Image-text web data
=== Section Start ===

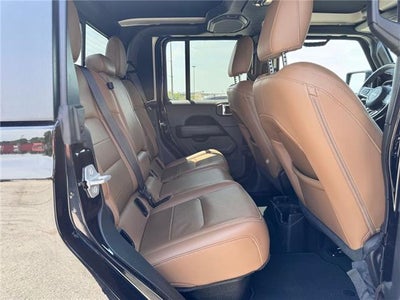 2022 Jeep Gladiator Overland 4x4 Crew Cab 5 ft. box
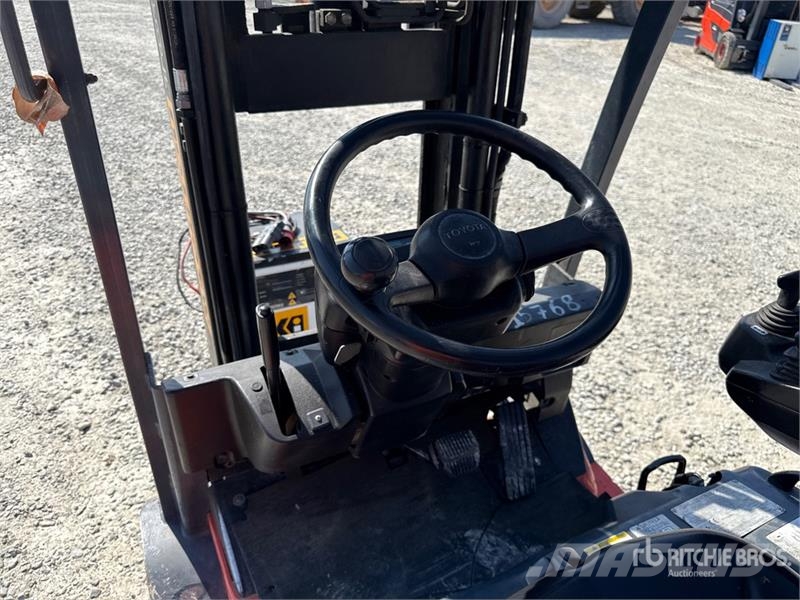 Toyota 7FBEF18 1800 kg Electric Forklift Stivuitor electric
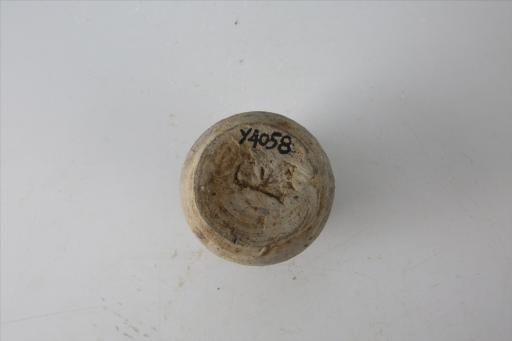 汉侈口束颈鼓腹平底凸弦纹夹砂灰陶罐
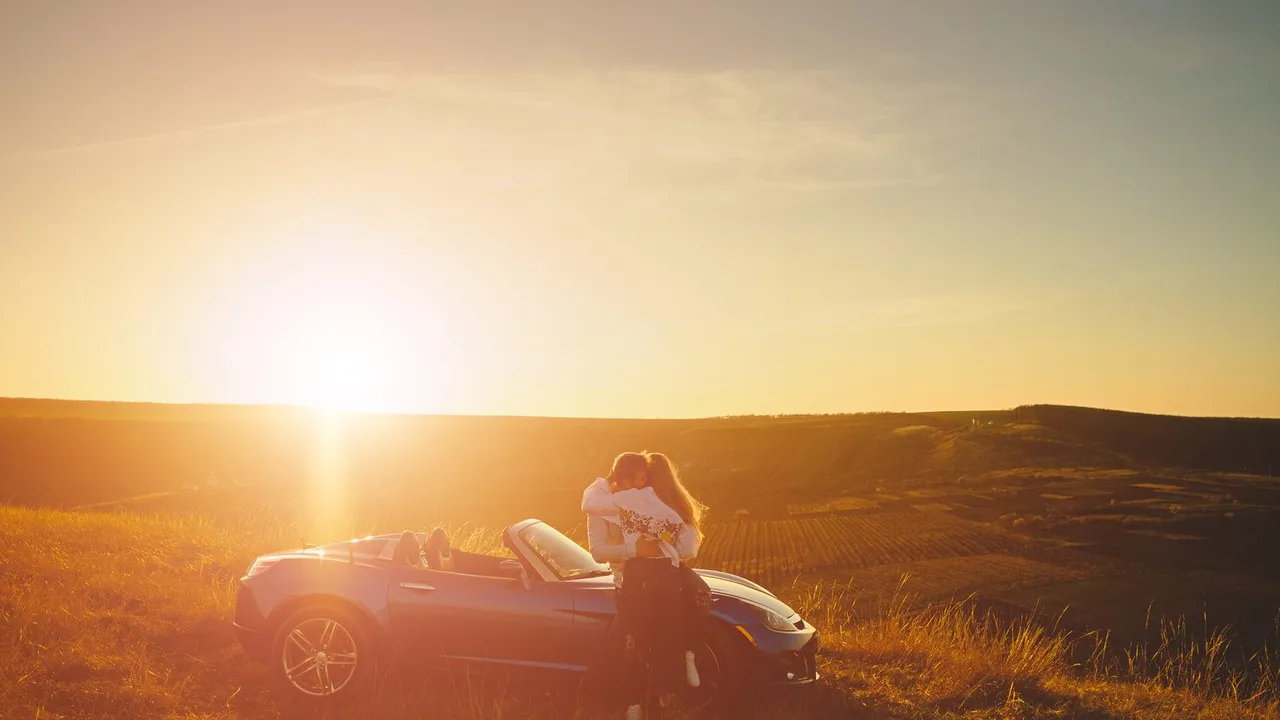 Carro em uma estrada de campo ao pôr do sol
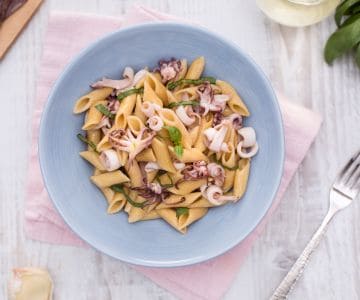 Mezze penne complètes aux calmars au vin blanc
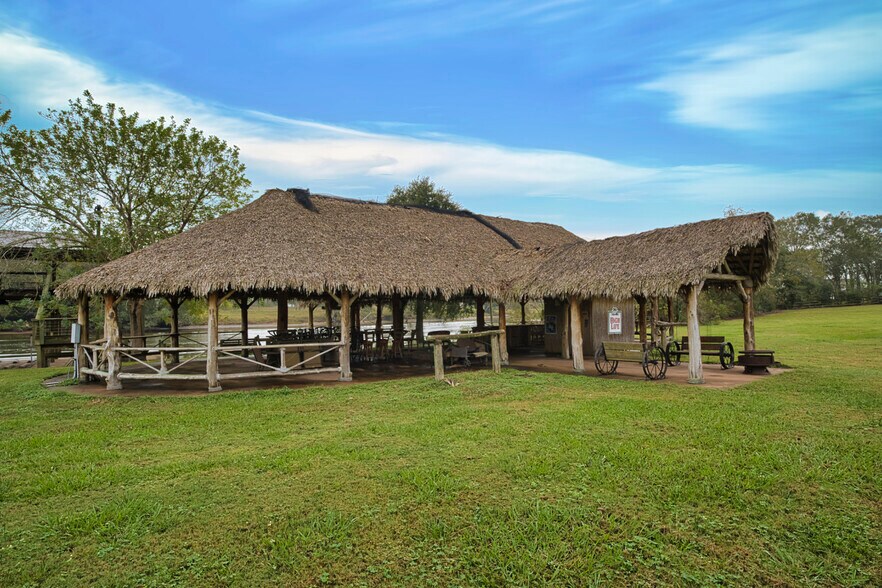 More Photos Of 3559 FM 521 Rd, Brazoria Specialty For Sale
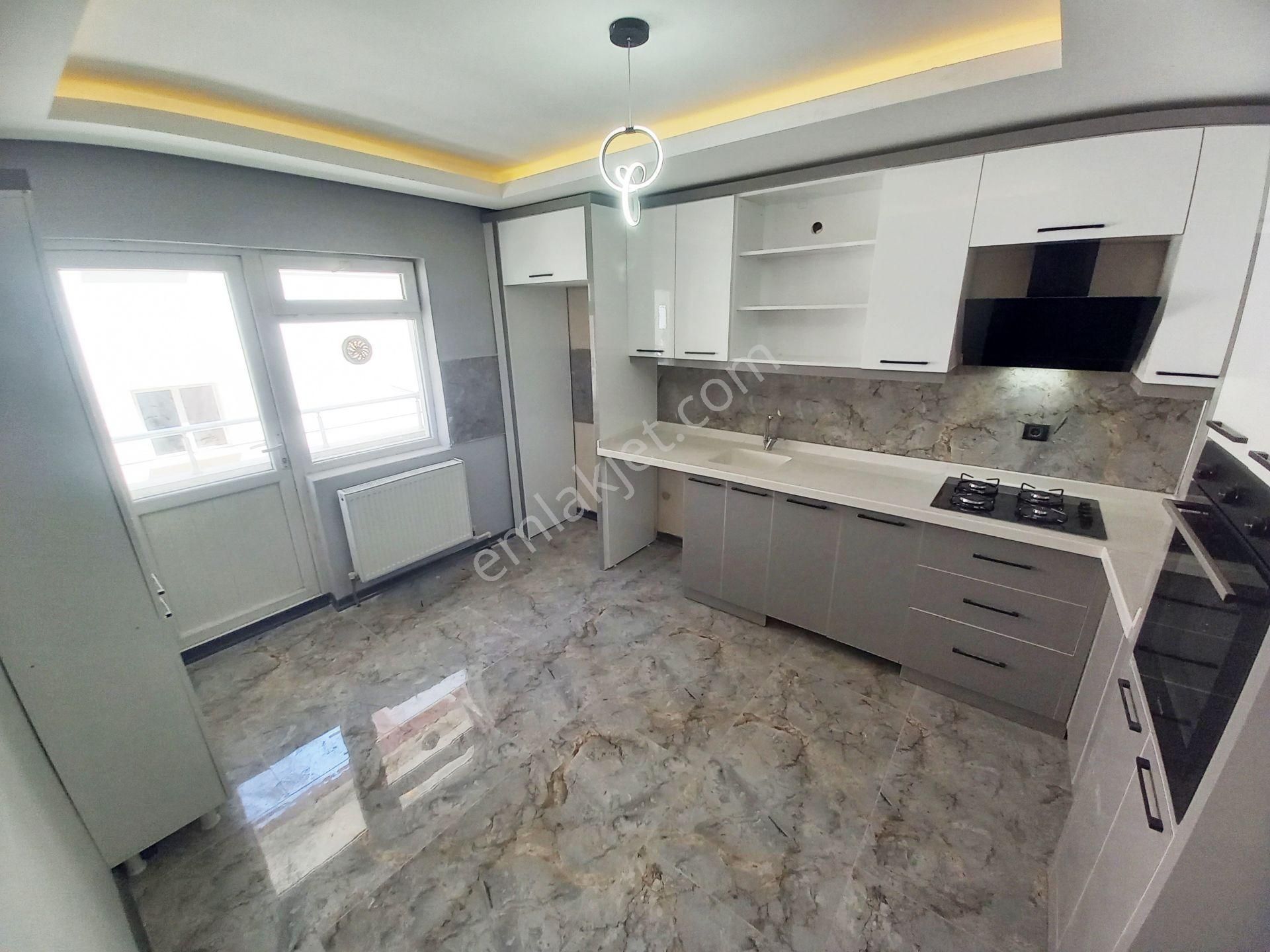 Elif Gayrimenkul Den Devasa Genişlikte Ara Katta 3+1 Lüx Yapılı Daire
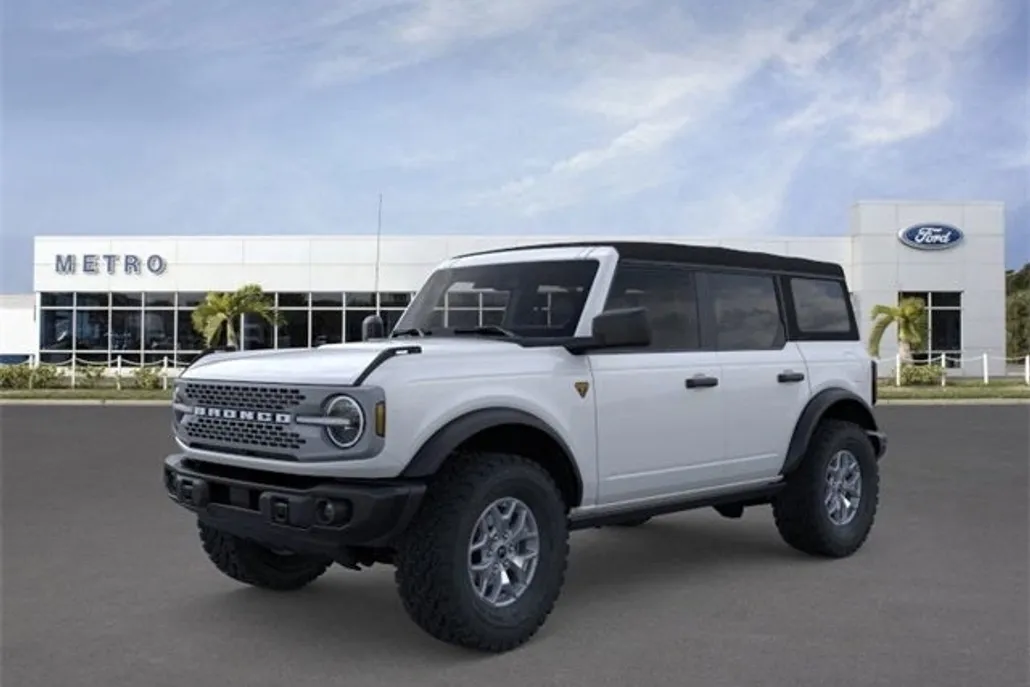 2025 Ford Bronco Badlands photo 1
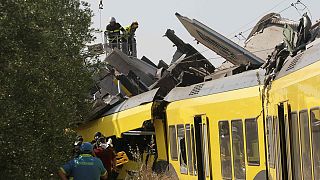 Italie : au moins 20 morts après une collision entre deux trains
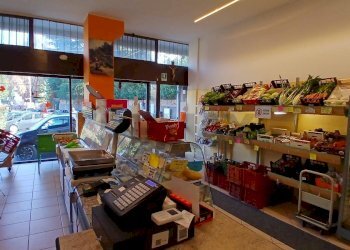 Dispensa di stoccaggio - Shop piazza madonnina
7, Solbiate Arno - photo 5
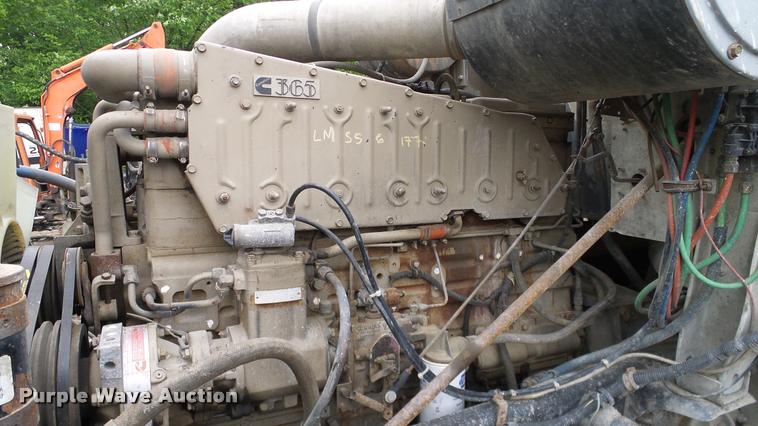 image for item L3062 1991 International 9400 dump truck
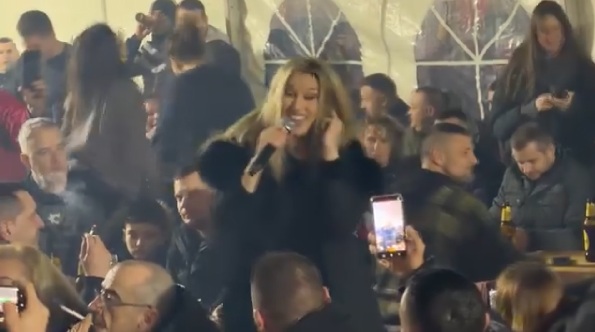 Spektakl Rade Manojlović na Slaninijadi u Kačarevu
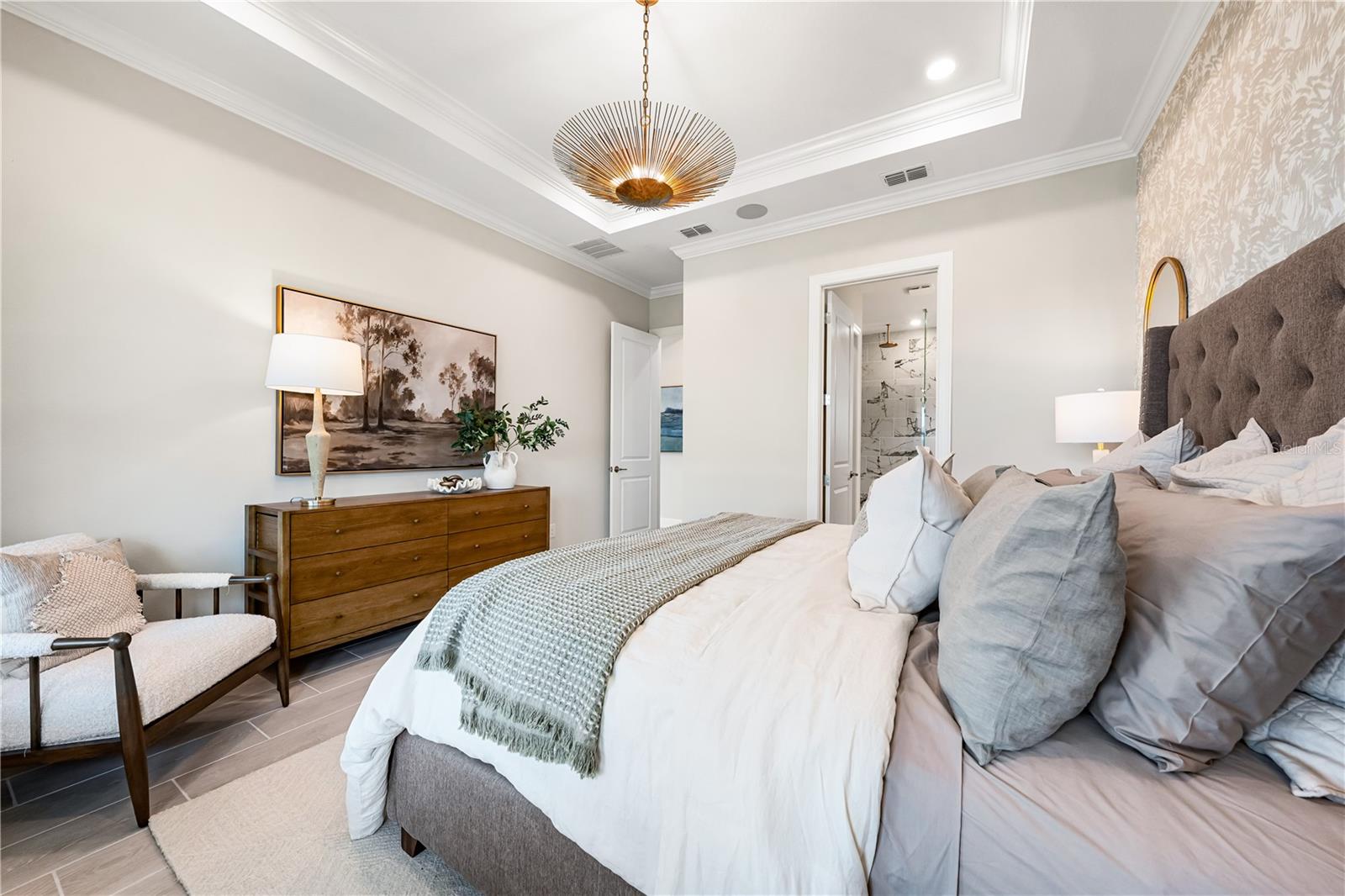 Image 35 of 70 For 7657 Moonbeam Avenue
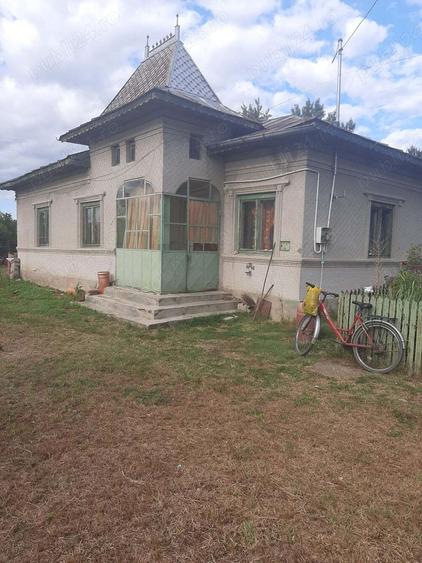 Casa de vanzare Boteni, Dambovi?a - 1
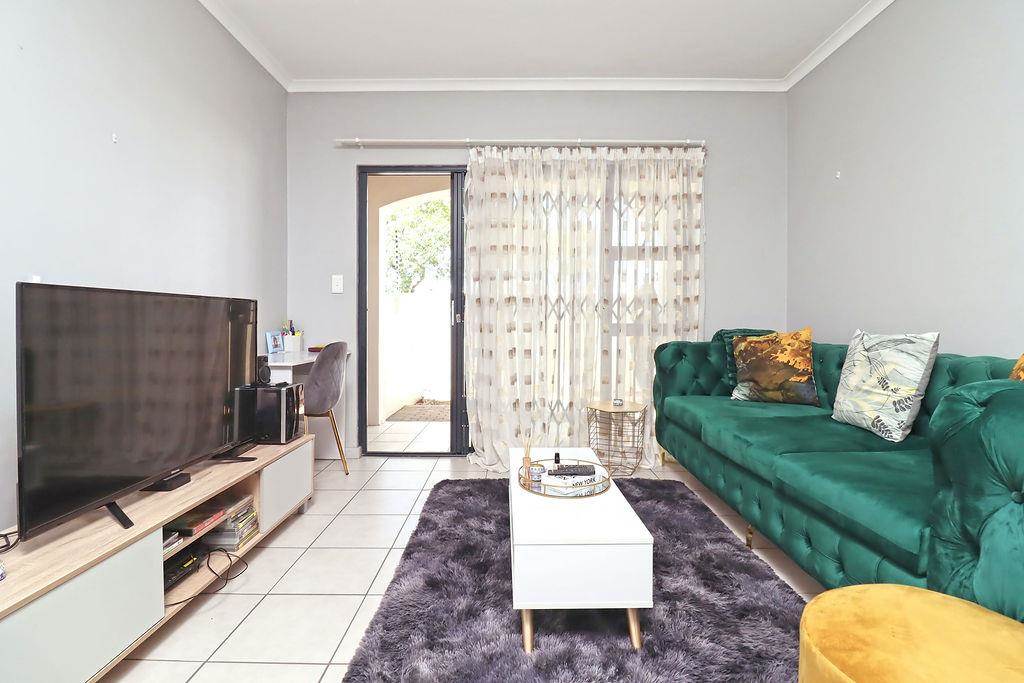 2 Bed Apartment in Durbanville photo number 4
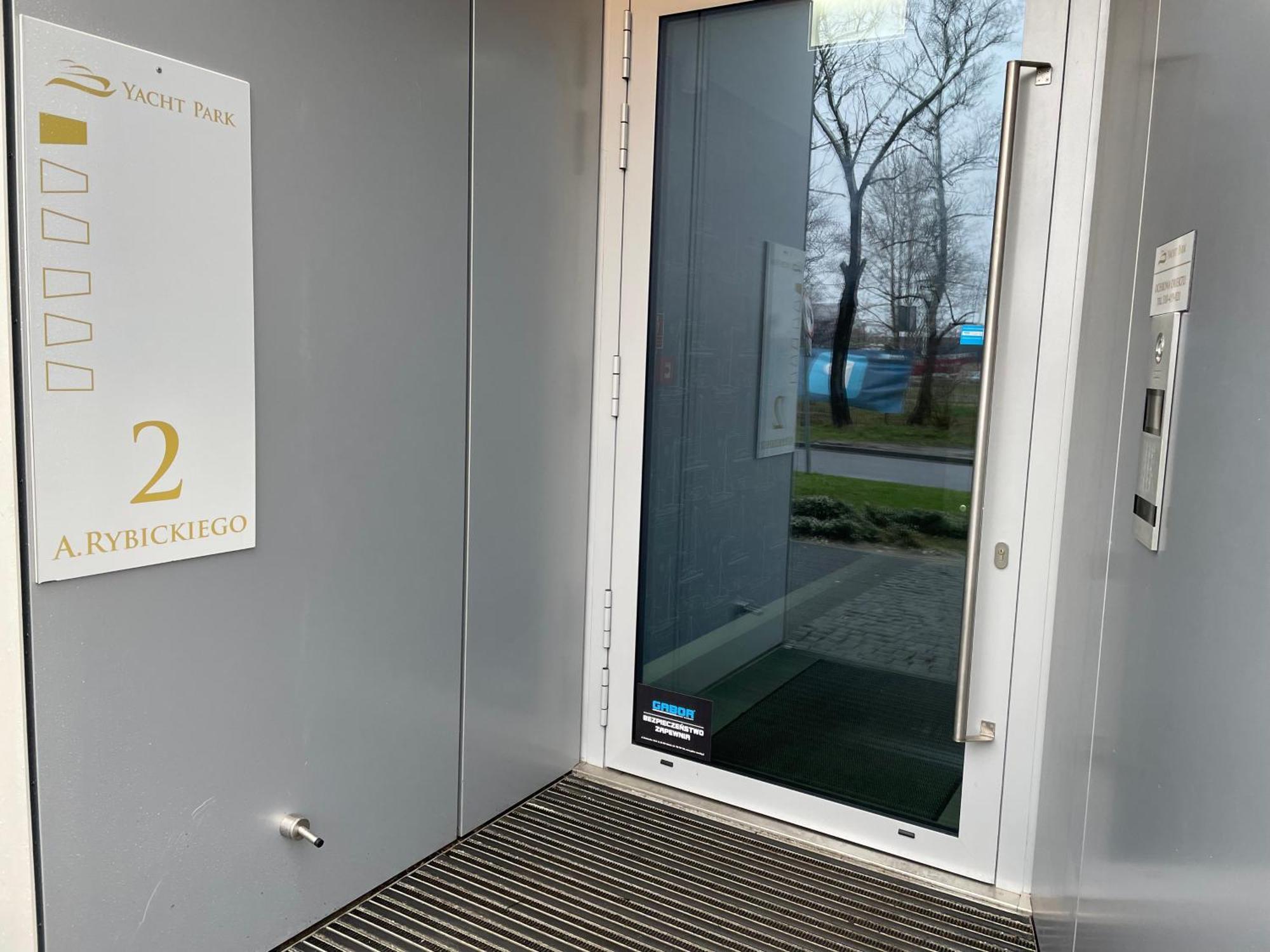Apartament Faltom 26 Yacht Park Z Tarasem Гдиня Екстериор снимка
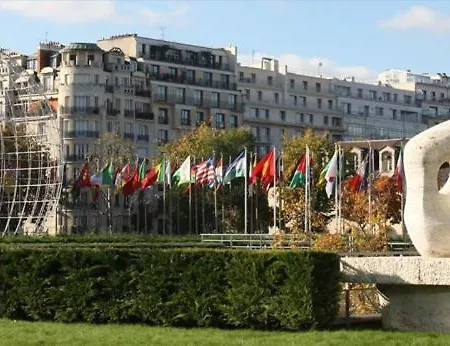 Apartmán Branded New 4 Bdrs Flat - Huge Terrace - Prime Loc *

=== Section End ===

Print the data exactly, from its first line to the line containing "More Photos Of", both included. Omit the pictures.

- Written solution
 2022 Jeep Gladiator Overland 4x4 Crew Cab 5 ft. box
 Toyota 7FBEF18 1800 kg Electric Forklift Stivuitor electric
 汉侈口束颈鼓腹平底凸弦纹夹砂灰陶罐
 Carro em uma estrada de campo ao pôr do sol
 Mezze penne complètes aux calmars au vin blanc
 More Photos Of 3559 FM 521 Rd, Brazoria Specialty For Sale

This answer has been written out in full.